Kiedy mija kolejny rok Twojego życia, jedyne, czego możesz być pewien to to, że jesteś o rok starszy.
Starsze o rok jest też wszystko, co Cię otacza.... Jedynie po ubraniach zauważasz, jak Twoje dzieciaki już urosły i zastanawiasz się, czy te spodnie skurczyły się w praniu. Już kolejny rok mieszkasz w tym mieszkaniu, kolejny rok zamiatasz liście w tym ogródku. Nawet kurz pod szafą doczekał się kolejnej rocznej warstwy szarego puchu. Nawet drzewo za oknem jest o rok starsze, i urosło, choć tego nie zauważyłeś. Dostrzegasz pierwszą zmarszczkę, pierwszy siwy włos. Z czasem przestajesz poznawać człowieka, który czai się po drugiej stronie lustra i ściągasz je ze ściany w łazience sądząc, że stoi tam zupełnie obca osoba trzymając ramkę przed nosem.

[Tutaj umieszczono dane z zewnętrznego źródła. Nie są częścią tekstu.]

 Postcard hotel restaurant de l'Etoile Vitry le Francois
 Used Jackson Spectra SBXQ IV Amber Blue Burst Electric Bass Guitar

Jeśli to Cię pocieszy, to nie Twoja wina. Jest ktoś inny odpowiedzialny za te kurze łapki i przykrótkie ubrania. No i ten kurz pod szafą. Winowajca nazywa się Upływ. Na drugie ma Czasu. A najlepszy epitet, który go określa to "Nieubłagany". Nieubłagany Upływ Czasu. Pocieszając dalej dodam, że każdego on spotyka, albo każdy spotyka jego. Wszystko jedno. Niezależnie od wieku, płci, wyznania itd. Przynajmniej tu jest brak dyskryminacji.
Zastanawiasz się, co takiego zdarzyło się w ostatnim roku: co osiągnąłeś? a czy to, co osiągnąłeś, było tym, co pragnąłeś osiągnąć? czy było warto poświęcać temu kolejny rok? czy poświęciłeś temu całe serce, czy tylko przedsionek, a może rozum? poszedłeś za tłumem, bo nie chciałeś być gorszy? bo tak Ci nakazywał rozsądek? ale czy pójście inną drogą oznaczałoby, że jesteś gorszy? Wręcz przeciwnie! świadczyłoby o odwadze, determinacji, wierze w siebie oraz przekonaniu, że wiesz, czego chcesz. Jeśli żyjesz bez celu, i nawet bez złudzenia, że masz jakiś cel i się do niego zbliżasz, w minimalnym nawet stopniu, to każdy kolejny rok będzie rokiem nudnym, bezsensownym, straconym. Za każdym razem będziesz sobie stawiał wszystkie te ważne życiowe pytania, szukając odpowiedzi i przekonując siebie samego: 'tym razem będzie inaczej!' A nie jest. 'To był kolejny rok, w którym poszedłem kilka razy do kina, dwa, czy trzy razy do teatru, zmieniłem pracę z deszczu na rynnę, pojechałem na dwutygodniowy urlop (a nie wszystkim takie szczęście jest dane!), przeczytałem bestseller w autobusie, popierdziałem w stołek i podłubałem w nosie drapiąc się po pośladku. Były kolejne święta Bożego Narodzenia, witałem Kolejny Lepszy Rok, była wiosna, lato, znowu zrobiło się zimno, szaroburo i ponuro, i zaraz znowu będę witać Kolejny Jeszczelepszy Rok. Tym razem będzie inaczej'. A będzie?
Ile możesz się tak zastanawiać? Ani się obejrzysz, a dzieciaki - tak, jak Ty niedawno - skończą studia i wyruszą na podbój świata, a Ty wciąż będziesz w punkcie wyjścia, zastanawiając się. Mogę się założyć, że marzysz o tym, żeby coś z tym zrobić. Brak Ci jedynie odwagi i/lub wiary w siebie. Brak bodźca, kick-offu. Wiary w cel, który jest w zasięgu ręki. Skoro paraolimpijczycy zdobywają złote medale, dlaczego Ty masz nie zdobyć marzeń? Włącz GPSa, wgraj aktualną mapę, a bez problemu Cię do nich doprowadzi.